BBC World Service’s Andrew Whitehead called on HIV activists themselves to take control of the media agenda to teach India to tackle the disease.
“People living with HIV have to take the media agenda into their own hands,” Whitehead urged.
The BBC World Service is producing some remarkable HIV information including an HIV positive detective series called Jasoos Vijay, watched by as many as 30 million people each week on national TV.
Haath se Haaath Milaa (Let us all join hands), which uses Bollywood stars including Big Brother winner Shilpa Shetty, is seen by 7 million people a week. Other national radio programmes with HIV prevention messages include Aaanger Ke Paar, a weekly programme for women listeners.

Hepatitis

Harm reduction programmes using heroin substitutes like buprenorphine to wean addicts off heroin are beginning to have some affect. Charnajar has been on the buprenorphine for three months and is now clear of addiction.

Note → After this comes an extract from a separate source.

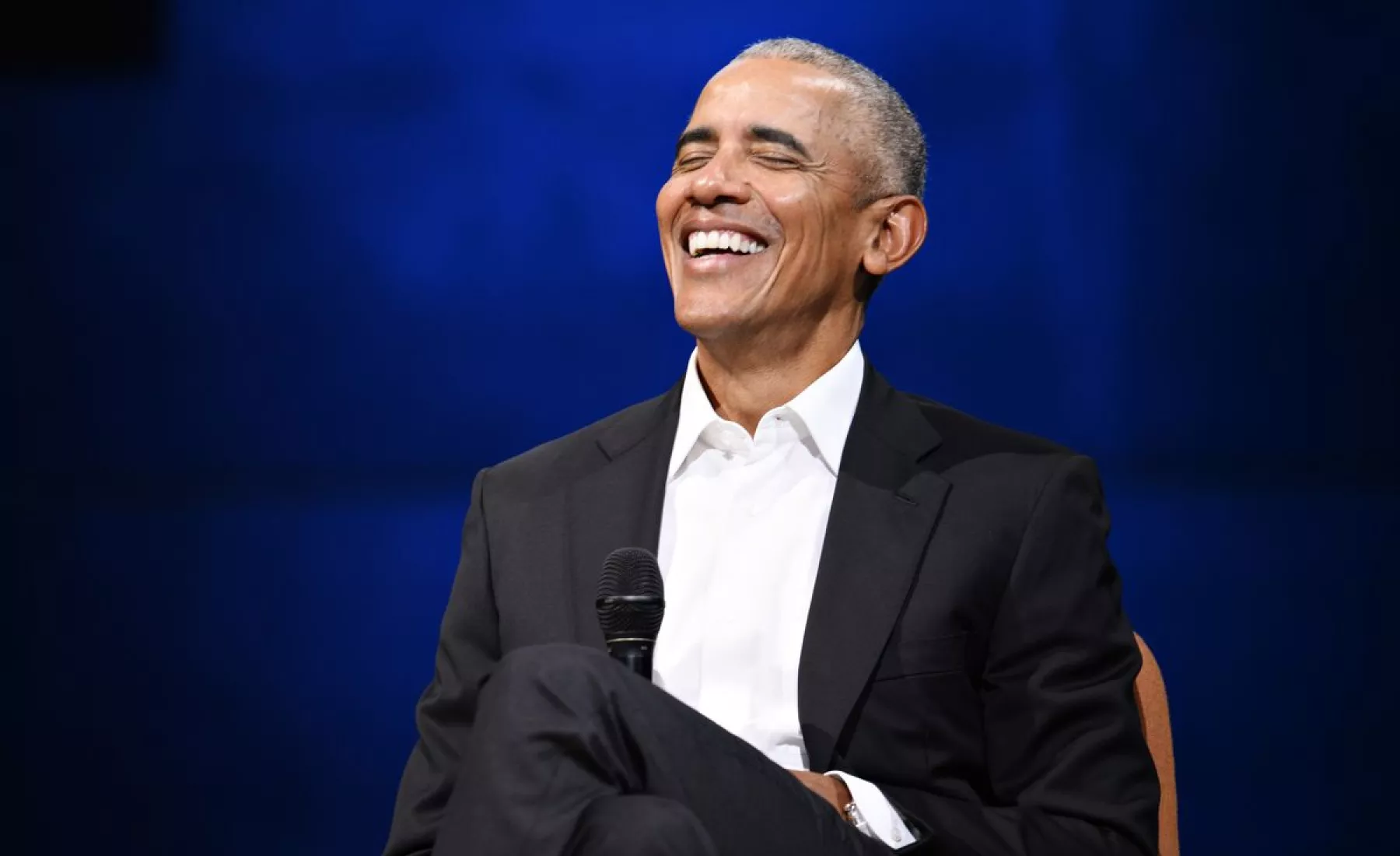 Barack Obama sitzt lachend auf einer Bühne mit einem Mikrofon in der Hand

But there are other problems. Charnajar explains: “I’m seeing a lot of my friends dying from HCV. I’ve lost four close friends this year.
“Hep C drugs are very expensive about 36,000 Rupees a month (approx £360). “What’s the point of giving us information on hep C if we cannot afford the medications?”

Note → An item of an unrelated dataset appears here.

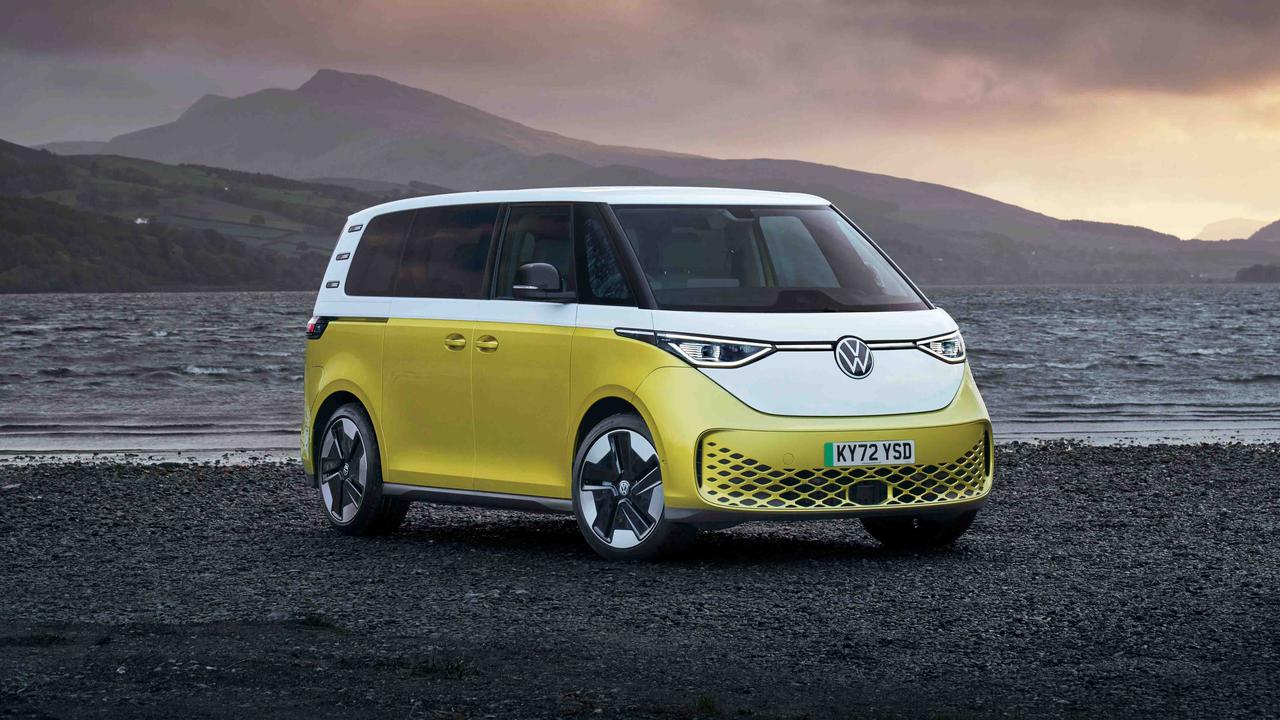 Volkswagen ID. Buzz in yellow parked on beach in front of moody mountain scenery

But it is the young people who need the most urgent help, he says, so they do not become tempted to follow older boys into taking heroin.
Dr Jaya Shreedhar, a specialist from Chennai, said the critical need is for consistent high quality media coverage of HIV.

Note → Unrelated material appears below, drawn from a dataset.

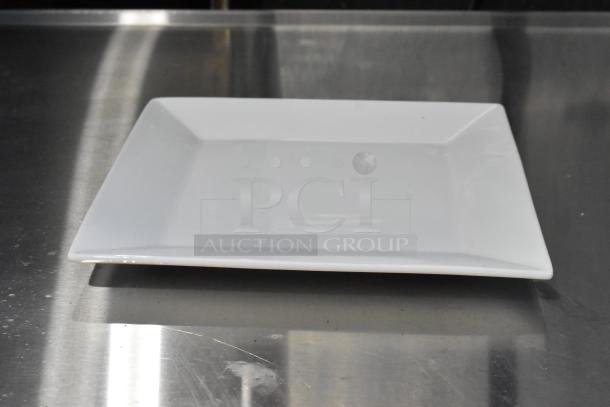 Acopa white ceramic plate with slight scratches, new condition, square shape, smooth finish.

“We need messaging that is informative, non judgmental and encourages people to access HIV prevention and care services such as voluntary counselling and testing, antiretrovitral treatment, and harm reduction services.”

Gods of cricket

Elsewhere, fantastic HIV prevention work has been undertaken by India’s cricket stars, who have godlike status in the country.
Even the street prostitutes of Kolkata have been mobilised to spread the message on condom use and safer sex.
Meanwhile, the gay men’s movement is slowly growing in strength and demanding the repeal of laws outlawing homosexuality introduced under the British Raj.
Each Indian state now has groups and coalitions of HIV positive people fighting for local treatment access and human rights. These groups are slowly growing in status and power.
In the world’s largest and most vibrant democracy the battle against HIV is far from won. India’s economy is advancing at a phenomenal rate but one in four still live in abject poverty. Despite these problems it is not beyond the resourceful and self-reliant Indian people to solve their own HIV crisis... with a little help from their many friends around the world.